Councilor Nathan Boddie, one of the more vocal advocates for lifting the ban, described inclusionary zoning “as just one more tool we could consider using.”
“It doesn’t mean we would or we should do it, it just means there would no longer be a prohibition on it at the state level, which just doesn’t make a lot of sense,” he said. “I think it could be useful, but not in every single case, but it’s something where we could work with a developer to see where it might be applied. It seems it could make particular sense in areas of the city where the (urban growth boundary) is expanding.”
Boddie characterized opposition to the lifting of the ban as “a knee-jerk reaction” motivated by “special interest and greed.”
“The very people who generally complain about land use laws are the ones who want the state involved on this issue,” he said, referencing criticism by developers directed toward state rules intended to limit sprawl and encourage density.
Councilor Victor Chudowsky, who along with Councilors Doug Knight and Casey Roats oppose lifting the ban, said he is hesitant to support the policy because of its potential effect on housing prices.

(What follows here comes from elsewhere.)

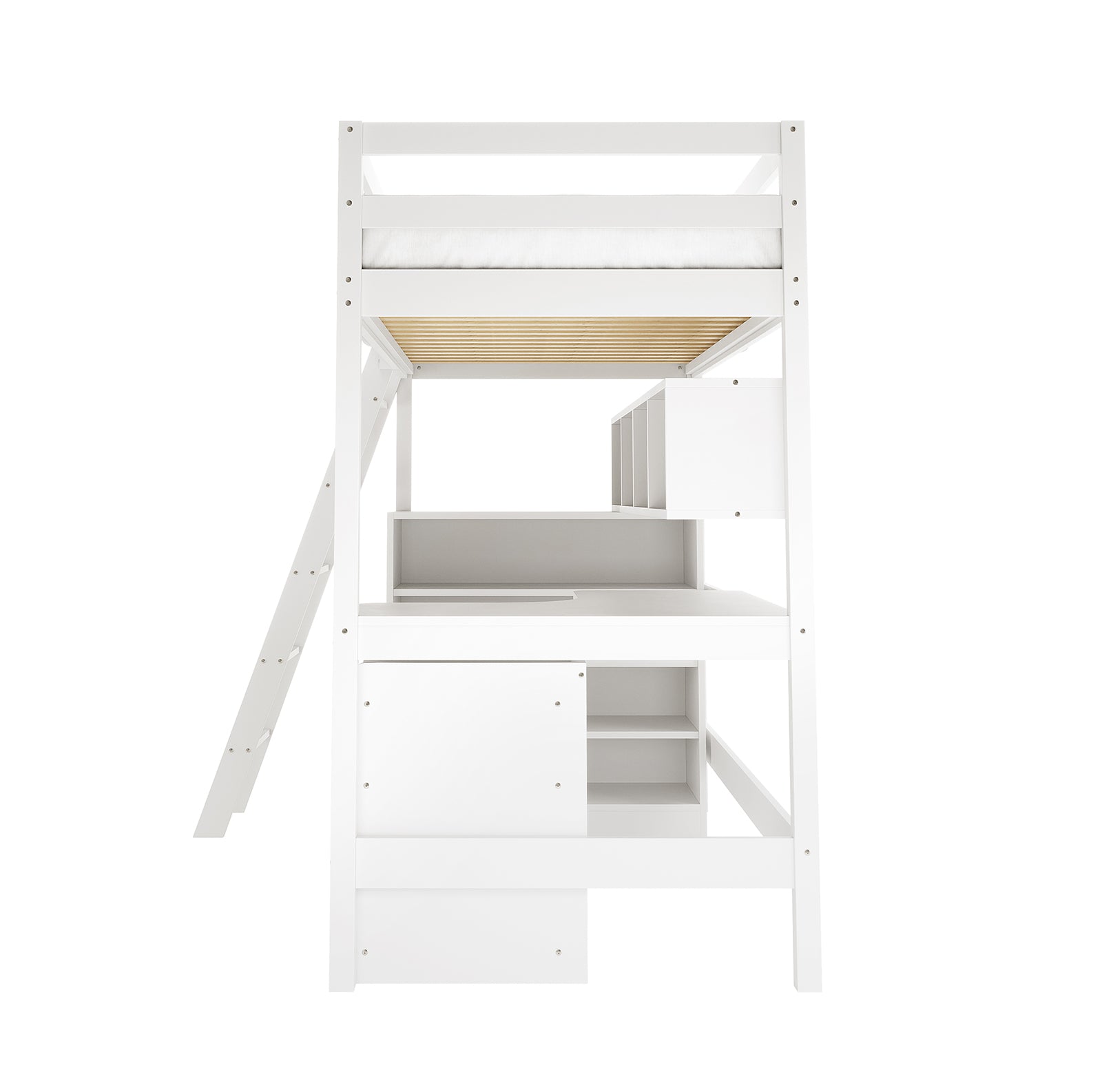 Momo Solid Pine Loft Bed with Thermis Mattress features a white wooden frame, upper sleeping area, ladder, and lower integrated workspace with shelves and storage.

When the topic first came up, Chudowsky said he looked for peer-reviewed academic studies on the policy, which left him suspicious of the policy’s impact on housing markets.
“The articles I found showed there are two bad side effects to inclusionary zoning,” Chudowsky said. “One is that it had the effect of slightly decreasing the overall supply of homes. The second one was there was an overall uptick in prices of homes for people who did not qualify for subsidized housing.
“I can’t say I’m dead set against it, but that’s what I found,” Chudowsky said.
Chudowsky emphasized his opposition is not driven by a desire to protect the bottom line of developers, saying, “Those guys are smart, they will find a way to make money one way or another.”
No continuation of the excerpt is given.